Reactions: Like 2 | EyeCandy! 7


----------



## gman2431 (Sep 28, 2014)

That black ash is some great looking stuff!

Reactions: Thank You! 1


----------



## Tony (Sep 28, 2014)

gman2431 said:


> That black ash is some great looking stuff!



ditto!

Reactions: Thank You! 1


----------



## ironman123 (Sep 28, 2014)

That and the yellow heart are good looking stuff. The calls are good looking also.

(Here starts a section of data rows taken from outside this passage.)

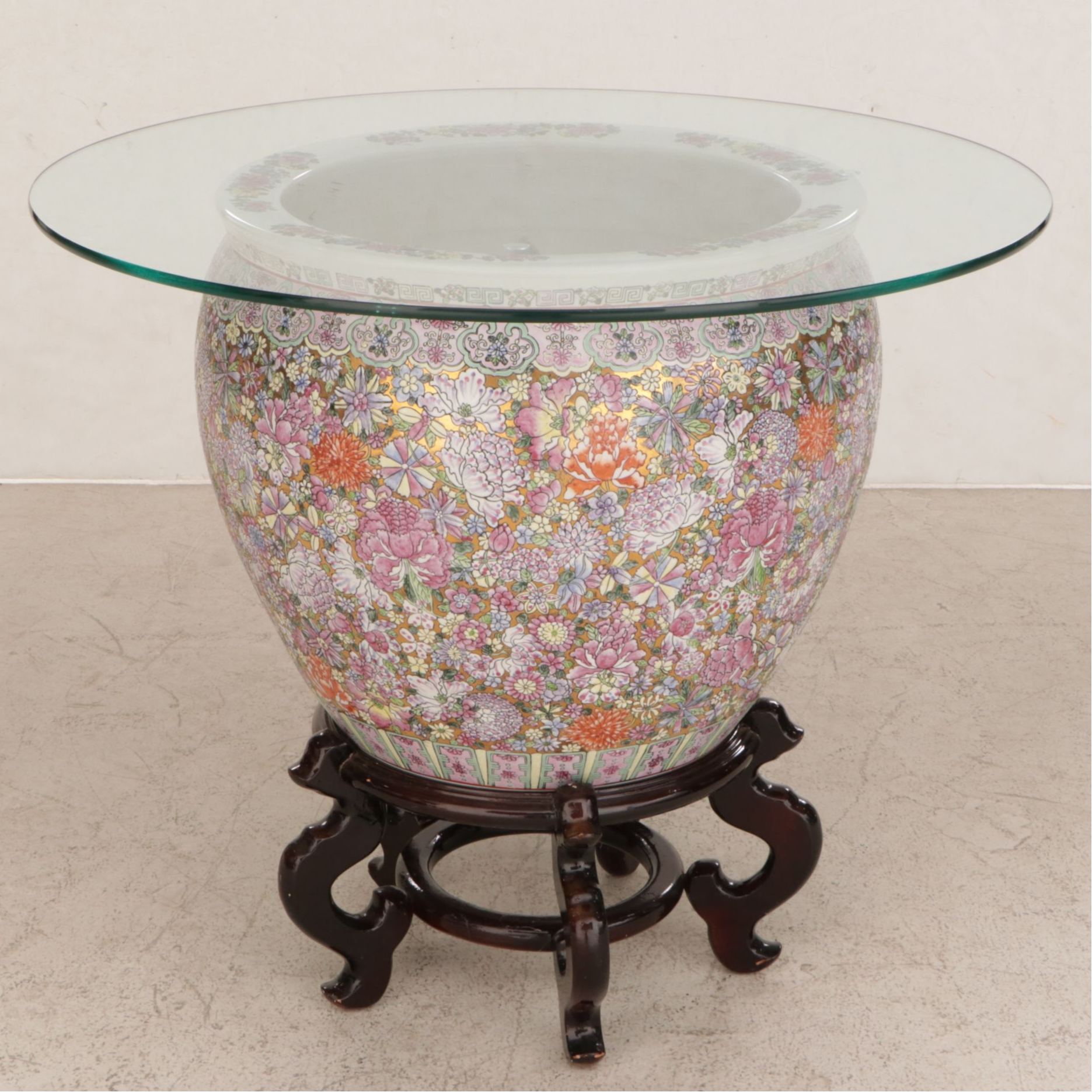 Chinese Ceramic Fishbowl Side Table with Glass Top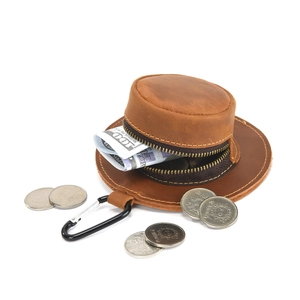 Vintage Genuine Leather Hat Shaped Coin Purse Creative Cowhide Mini Wallet With Carabiner For Unisex Small Change Storage Bag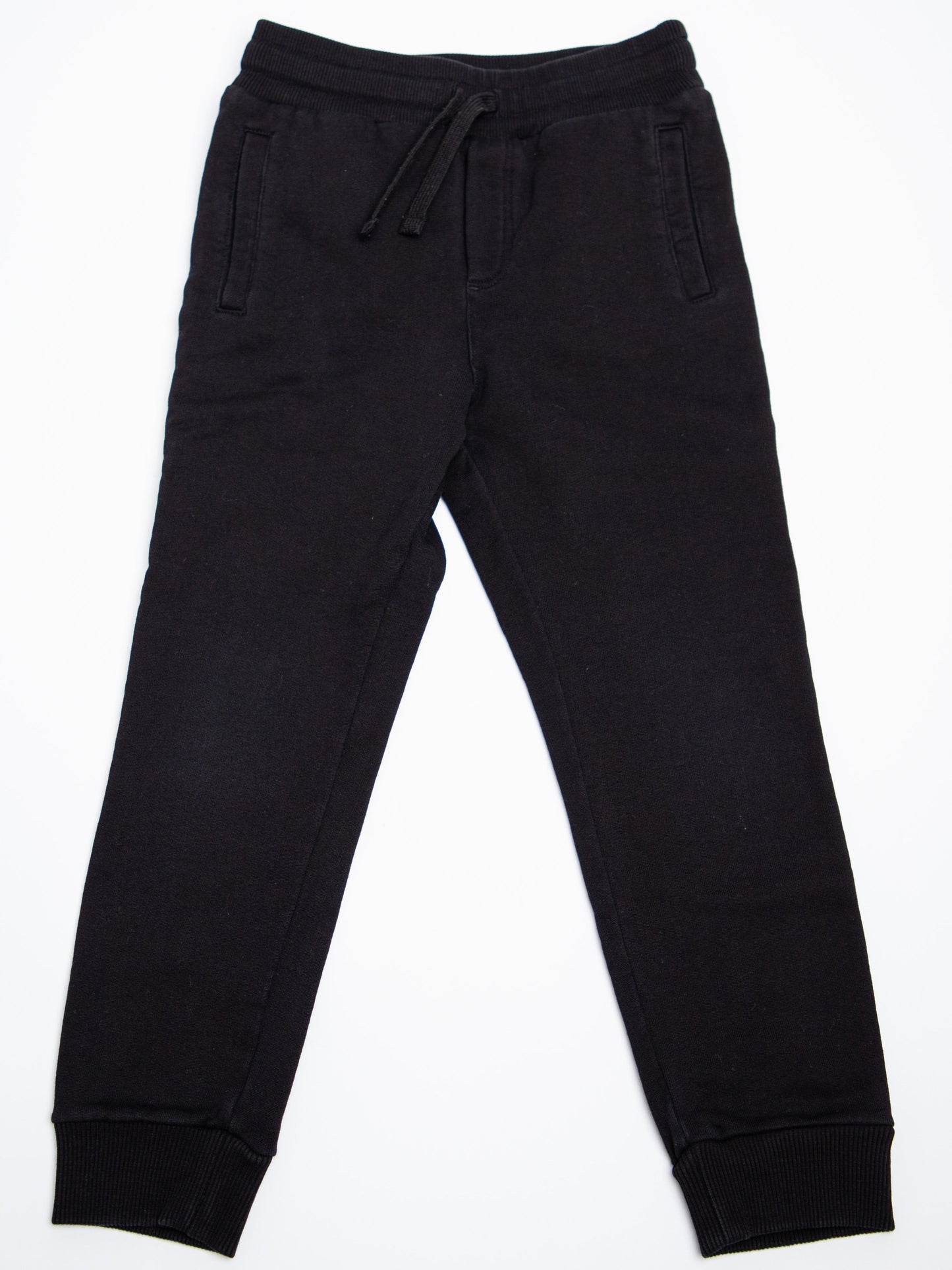 good dolce gabbana black cotton jogger pants for kids size 5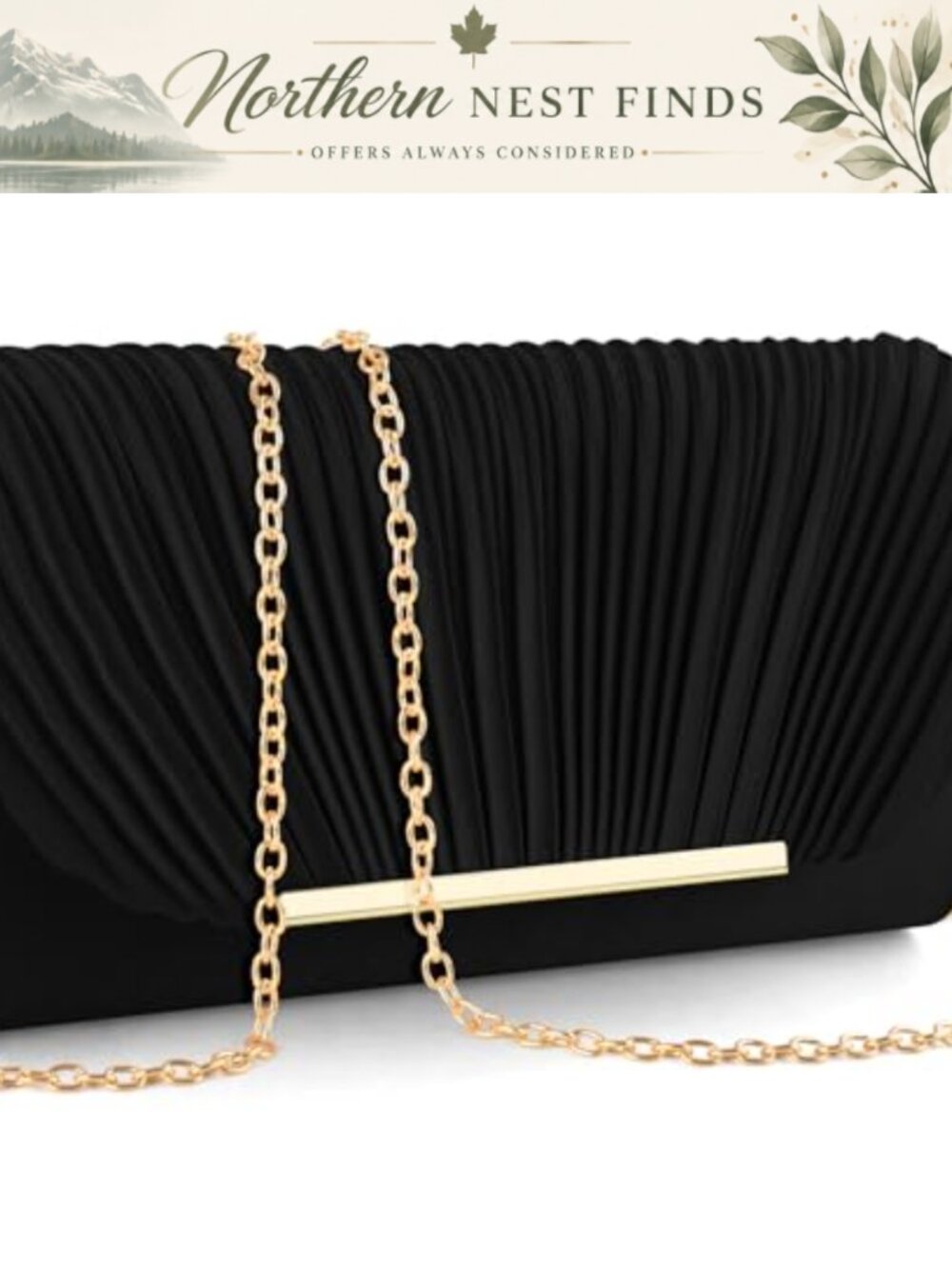 Women's Milan Cloth Envelope Clutch with Chain Convertible Crossbody Evening Bag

Reactions: Thank You! 1 | Agree 1


----------



## David Seaba (Sep 28, 2014)

Great looking calls!
David

Reactions: Thank You! 1


----------



## myingling (Sep 28, 2014)

gman2431 said:


> That black ash is some great looking stuff!



Thanks,
yes it makes for a good lookin kick a,, sounding call


----------



## eaglea1 (Sep 29, 2014)

Sweet looking calls as usual Mike! What do you like better for sound, the copper or the slate?

Reactions: Thank You! 1


----------



## myingling (Sep 29, 2014)

eaglea1 said:


> Sweet looking calls as usual Mike! What do you like better for sound, the copper or the slate?


,,,,Thanks ,,,,slate is normally first call out of the vest for the early morning soft talk ,,,,after that its copper all the way and do prefer the copper for sound

Reactions: Like 1


----------



## ghost1066 (Oct 4, 2014)

Good looking callers. That black ash is really slick.


----------